Par aveuglement, peut-être, par conviction, sans doute, et, surtout, me semble-t-il, parce que j’ai comme en moi pour toute une série de choses une boussole intérieure qui m’alerte par moments et me soutient par principe, je vis sans doublure théorique. Et cela vaut pour la revue que je mène depuis quelques années et qui me valait cette invitation à une table ronde organisée par les chers amis de la Société européenne des auteurs, que nous avons fondée, à quelques-uns, il y plus d’un an. Mais, là-dessus, je reviendrai.

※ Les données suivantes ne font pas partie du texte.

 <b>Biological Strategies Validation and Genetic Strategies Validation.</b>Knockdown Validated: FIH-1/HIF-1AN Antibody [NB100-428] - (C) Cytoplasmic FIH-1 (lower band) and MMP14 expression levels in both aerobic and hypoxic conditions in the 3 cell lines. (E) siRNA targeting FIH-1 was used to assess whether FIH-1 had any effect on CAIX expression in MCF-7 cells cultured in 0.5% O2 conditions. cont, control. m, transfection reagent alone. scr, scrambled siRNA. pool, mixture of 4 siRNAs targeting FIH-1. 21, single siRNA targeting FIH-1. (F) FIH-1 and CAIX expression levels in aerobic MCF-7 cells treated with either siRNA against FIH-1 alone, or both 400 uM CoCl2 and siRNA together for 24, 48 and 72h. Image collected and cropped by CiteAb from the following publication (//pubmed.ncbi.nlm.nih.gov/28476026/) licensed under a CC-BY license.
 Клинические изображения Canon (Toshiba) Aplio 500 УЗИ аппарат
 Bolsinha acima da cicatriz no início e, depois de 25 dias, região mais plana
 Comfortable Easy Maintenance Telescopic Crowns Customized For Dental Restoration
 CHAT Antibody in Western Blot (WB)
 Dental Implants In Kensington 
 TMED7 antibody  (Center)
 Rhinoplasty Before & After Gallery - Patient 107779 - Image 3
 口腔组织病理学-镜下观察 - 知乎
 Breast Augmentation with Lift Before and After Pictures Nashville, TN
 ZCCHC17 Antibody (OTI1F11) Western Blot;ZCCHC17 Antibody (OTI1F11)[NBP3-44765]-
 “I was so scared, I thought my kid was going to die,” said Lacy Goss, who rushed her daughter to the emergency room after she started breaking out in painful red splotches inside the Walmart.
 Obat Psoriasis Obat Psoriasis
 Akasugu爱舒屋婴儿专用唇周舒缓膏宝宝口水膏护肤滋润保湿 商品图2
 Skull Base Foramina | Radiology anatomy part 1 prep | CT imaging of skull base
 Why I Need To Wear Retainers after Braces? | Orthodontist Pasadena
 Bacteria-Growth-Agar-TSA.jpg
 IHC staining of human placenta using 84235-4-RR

Ca veut donc dire quoi faire une revue dans le paysage que nous connaissons ? Et comment répondre à la terrible question de ce qu’elle reflète d’une « communauté » ? N’est-il pas vérifiable que toutes les revues littéraires ont toujours peu ou prou fonctionné sur le principe d’une communauté, quelle soit idéologique (temps des connections des avant-gardes et de la politique) ou esthétique (temps des révolutions des formes et du renouvellement des arts), pour ne pas dire que le propre des  revues a toujours été, d’une certaine manière, de rejoindre le moment des formes et des engagements sous l’égide, justement, des noms de « communauté », de « groupe », ou encore de « collectif », voire de « collège ».

Alors, leçons de l’histoire ou goût personnel, je l’ignore, mais le fait est que je n’ai jamais cru à cette histoire de communauté et de rassemblement heureux d’individus qui créent, orientés vers un but précis et une volonté commune. Ce sera, si l’on veut, mon premier point. Il me semble que jamais, en moi, l’idée de rassembler n’a été un moteur essentiel ou une envie particulière pour créer et orchestrer une revue. J’ai même pris le pli inverse. Fasciné par le sous texte de la grande histoire littéraire, tenté souvent de trouver du réconfort dans les bras de ces communautés invisibles, j’ai toujours aimé ce que la littérature pouvait avoir de feutré, de secret, d’inavouable et de précieux. Mais en m’en méfiant, en voulant m’en tenir à distance, sentant, par là, le réconfort, une forme de paresse ?, en tout cas, tout sauf un moteur, ce qui pouvait, au sens propre, me secouer. Plutôt que de communauté, j’ai toujours préféré parler de lieu, d’endroit où l’on rentre et l’on sort, où rien n’est prescrit, si ce n’est l’idée que quand on y est, on s’y sente bien.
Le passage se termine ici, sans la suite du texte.